[Start of Attachment]
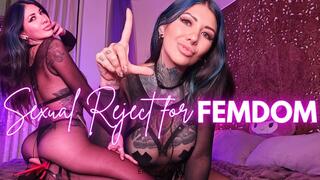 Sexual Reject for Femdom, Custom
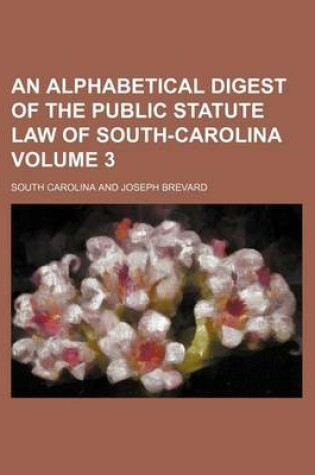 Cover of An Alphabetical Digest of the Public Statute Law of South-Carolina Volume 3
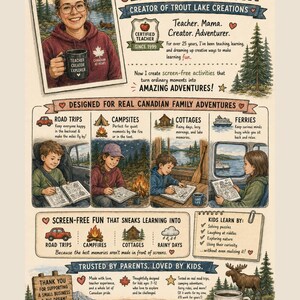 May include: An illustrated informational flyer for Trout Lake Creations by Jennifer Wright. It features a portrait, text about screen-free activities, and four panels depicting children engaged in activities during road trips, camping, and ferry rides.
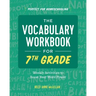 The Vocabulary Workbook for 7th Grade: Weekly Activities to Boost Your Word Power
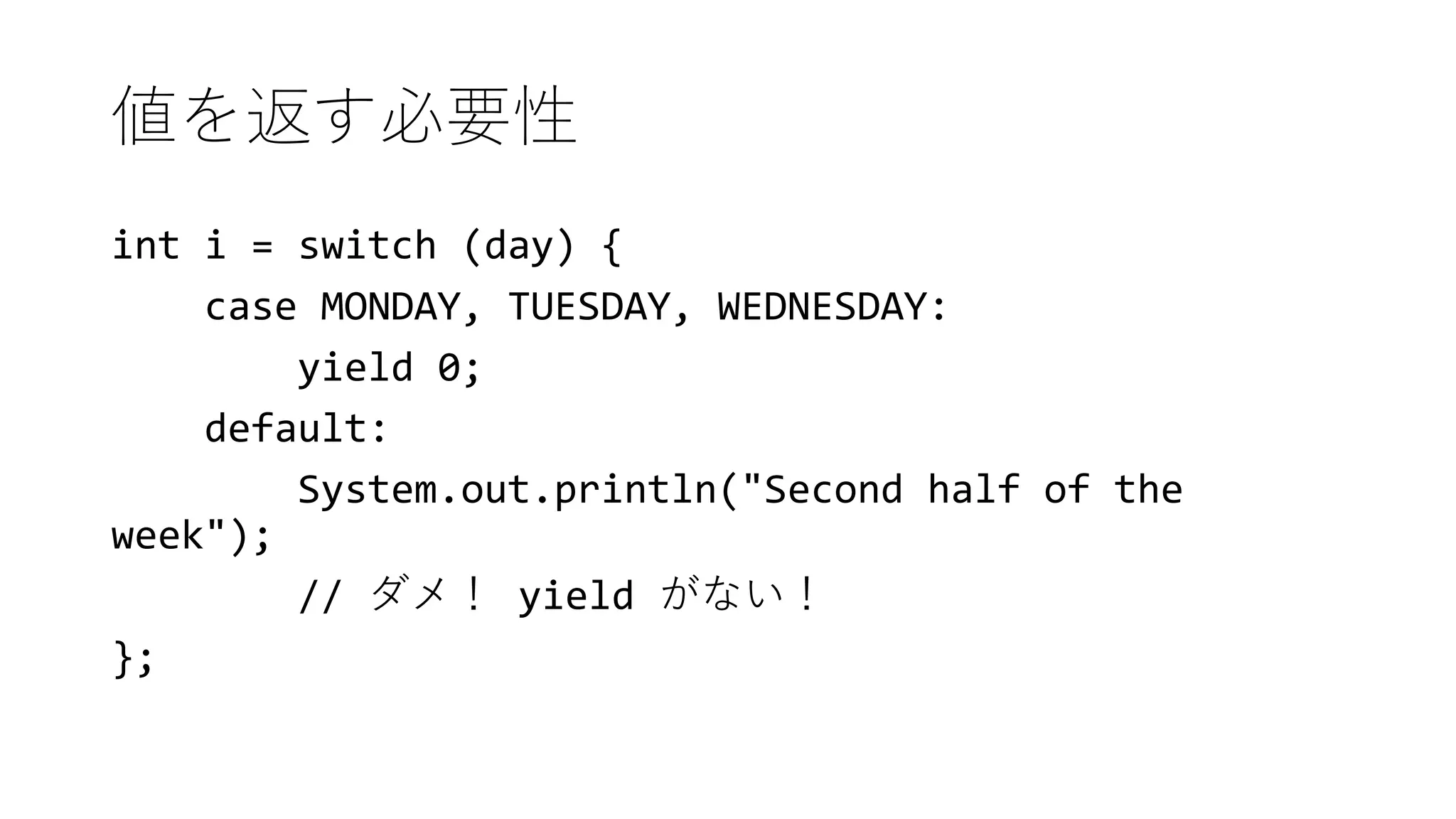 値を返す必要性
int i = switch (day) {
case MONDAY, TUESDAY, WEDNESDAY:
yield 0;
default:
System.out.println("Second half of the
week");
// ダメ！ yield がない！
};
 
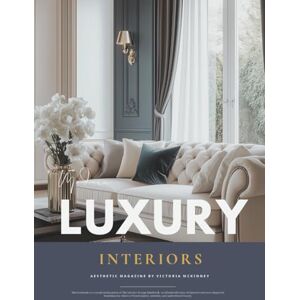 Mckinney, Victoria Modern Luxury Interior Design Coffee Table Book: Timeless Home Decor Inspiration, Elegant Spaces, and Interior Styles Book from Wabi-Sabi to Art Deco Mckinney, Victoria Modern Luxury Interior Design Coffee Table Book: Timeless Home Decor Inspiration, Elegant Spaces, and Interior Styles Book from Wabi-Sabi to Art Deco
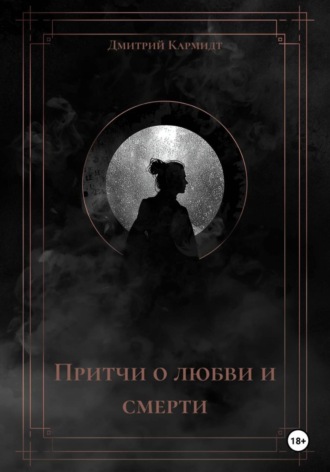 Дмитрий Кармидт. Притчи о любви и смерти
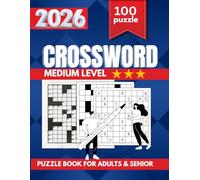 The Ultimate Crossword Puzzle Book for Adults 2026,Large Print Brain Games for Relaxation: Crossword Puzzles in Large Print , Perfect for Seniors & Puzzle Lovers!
[End of Attachment]
Going back to the data above, write out everything from the line with "Deco Mckinney, Victoria" down to the line with "Дмитрий Кармидт. Притчи о любви и смерти", both included, leaving every picture out.

 Mckinney, Victoria Modern Luxury Interior Design Coffee Table Book: Timeless Home Decor Inspiration, Elegant Spaces, and Interior Styles Book from Wabi-Sabi to Art Deco Mckinney, Victoria Modern Luxury Interior Design Coffee Table Book: Timeless Home Decor Inspiration, Elegant Spaces, and Interior Styles Book from Wabi-Sabi to Art Deco
 Дмитрий Кармидт. Притчи о любви и смерти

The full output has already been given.